Locality in the Shire of Denmark, Western Australia

Hazelvale is a rural locality of the Shire of Denmark in the Great Southern region of Western Australia. The Frankland River forms much of the western border of Hazelvale. The Walpole-Nornalup National Park extends into the south-west of the locality.

==History==
Hazelvale is located on the traditional land of the Noongar.

The Hazelvale School and teacher's residence is listed on the shire's heritage register. Hazelvale was settled as part of the Group Settlement Scheme, being part of Group 139, originally under the name of Hazelwood. The school operated continuously from 1928 until 1941, when a teacher shortage because of the war forced its closure. The school did not reopen after the end of the war, with pupils attending school in Walpole instead.

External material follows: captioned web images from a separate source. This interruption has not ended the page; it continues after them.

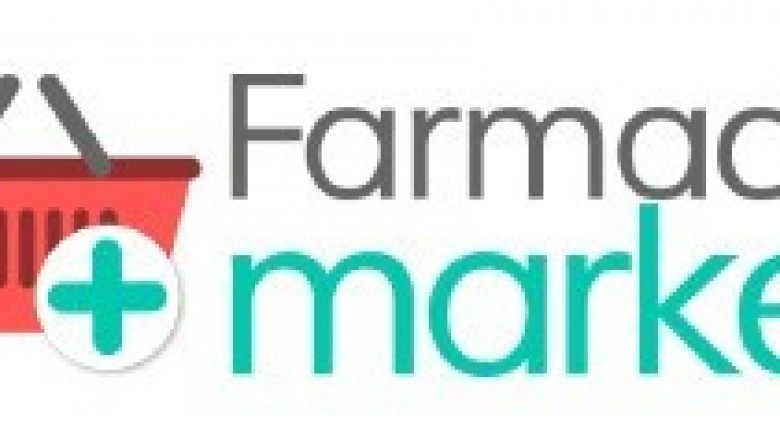Farmacia Market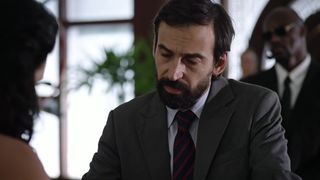 Rita Guedes, Julia Ianina nude - 1 Contra Todos(2017) (Season 2, Episode 2-8)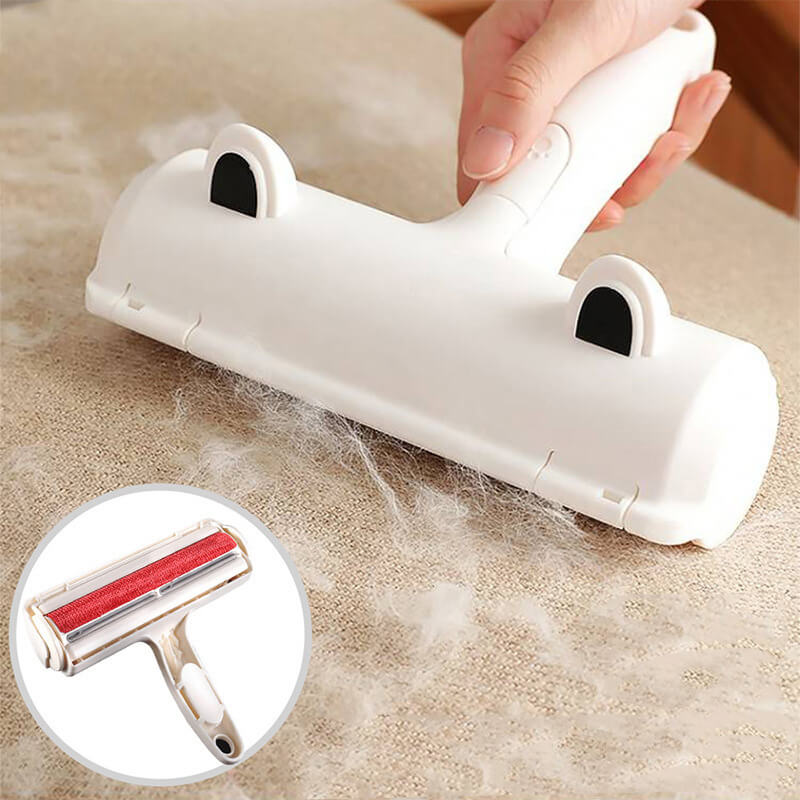 Pet Hair Remover Roller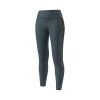 DYNAFIT - WARM ULTRA TIGHTS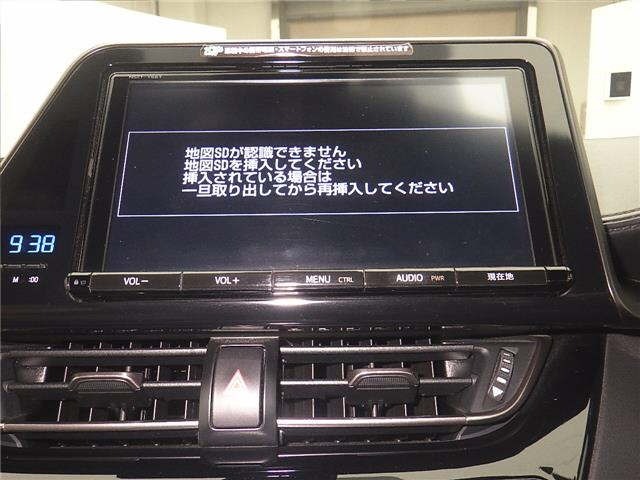 Toyota C-HR 2017 8358408-6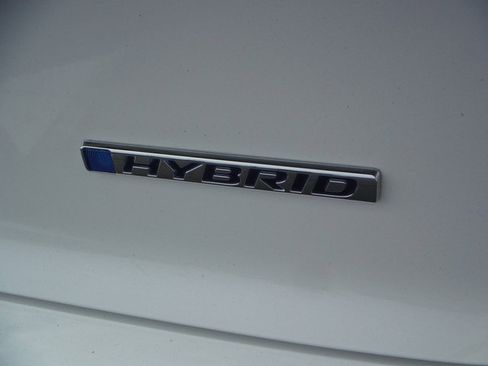 Used 2023 Honda Accord EX-L image 8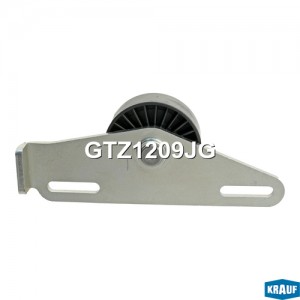 Натяжитель приводного ремня GTZ1209JG GTZ1209JG KRAUF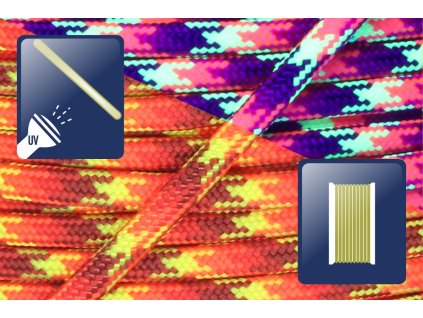 422.322.004 X206 C025 01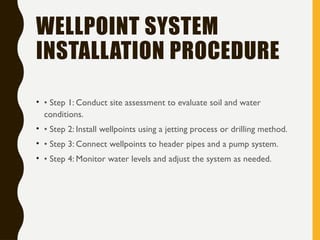 Wellpoint_Dewatering_Presentation_Updated.pptx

The Sappers Bridge is also listed on the shire's heritage register and is located on the border of Hazelvale and Walpole. One of the few bridges over the Frankland River, the bridge was constructed in late 1982 by the 22nd Construction Squadron of the Royal Australian Engineers for the National Parks Authority of Western Australia as part of a construction exercise. The timber bridge replaced a previous structure that had been damaged by floods. The bridge is utilised by the Bibbulmun Track.